■ PROVIDED INFORMATION
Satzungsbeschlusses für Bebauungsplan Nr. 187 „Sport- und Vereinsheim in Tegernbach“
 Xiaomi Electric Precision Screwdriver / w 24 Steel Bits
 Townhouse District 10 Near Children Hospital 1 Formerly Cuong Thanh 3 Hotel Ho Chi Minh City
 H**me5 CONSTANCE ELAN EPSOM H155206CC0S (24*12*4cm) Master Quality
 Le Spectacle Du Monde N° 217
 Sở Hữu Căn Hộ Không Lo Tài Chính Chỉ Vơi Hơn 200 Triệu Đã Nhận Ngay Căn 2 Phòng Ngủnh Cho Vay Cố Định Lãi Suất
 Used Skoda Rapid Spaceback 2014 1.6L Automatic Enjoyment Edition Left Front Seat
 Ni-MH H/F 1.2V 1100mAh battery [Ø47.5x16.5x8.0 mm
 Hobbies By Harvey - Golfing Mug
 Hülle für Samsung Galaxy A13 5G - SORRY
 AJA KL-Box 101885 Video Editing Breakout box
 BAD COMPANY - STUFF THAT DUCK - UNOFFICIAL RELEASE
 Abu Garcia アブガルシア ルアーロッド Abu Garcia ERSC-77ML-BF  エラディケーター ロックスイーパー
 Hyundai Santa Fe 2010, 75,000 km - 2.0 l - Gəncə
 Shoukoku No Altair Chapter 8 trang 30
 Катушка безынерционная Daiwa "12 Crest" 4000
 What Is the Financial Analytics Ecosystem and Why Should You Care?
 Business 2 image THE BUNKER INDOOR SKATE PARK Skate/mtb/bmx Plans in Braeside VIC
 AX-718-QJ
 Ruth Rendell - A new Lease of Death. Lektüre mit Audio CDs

■ PROBLEM STATEMENT
A reply should hold exactly the lines from the one containing "Sở Hữu Căn Hộ" through the end of the data above, nothing more.

■ COMPLETED EXERCISE
 Sở Hữu Căn Hộ Không Lo Tài Chính Chỉ Vơi Hơn 200 Triệu Đã Nhận Ngay Căn 2 Phòng Ngủnh Cho Vay Cố Định Lãi Suất
 Used Skoda Rapid Spaceback 2014 1.6L Automatic Enjoyment Edition Left Front Seat
 Ni-MH H/F 1.2V 1100mAh battery [Ø47.5x16.5x8.0 mm
 Hobbies By Harvey - Golfing Mug
 Hülle für Samsung Galaxy A13 5G - SORRY
 AJA KL-Box 101885 Video Editing Breakout box
 BAD COMPANY - STUFF THAT DUCK - UNOFFICIAL RELEASE
 Abu Garcia アブガルシア ルアーロッド Abu Garcia ERSC-77ML-BF  エラディケーター ロックスイーパー
 Hyundai Santa Fe 2010, 75,000 km - 2.0 l - Gəncə
 Shoukoku No Altair Chapter 8 trang 30
 Катушка безынерционная Daiwa "12 Crest" 4000
 What Is the Financial Analytics Ecosystem and Why Should You Care?
 Business 2 image THE BUNKER INDOOR SKATE PARK Skate/mtb/bmx Plans in Braeside VIC
 AX-718-QJ
 Ruth Rendell - A new Lease of Death. Lektüre mit Audio CDs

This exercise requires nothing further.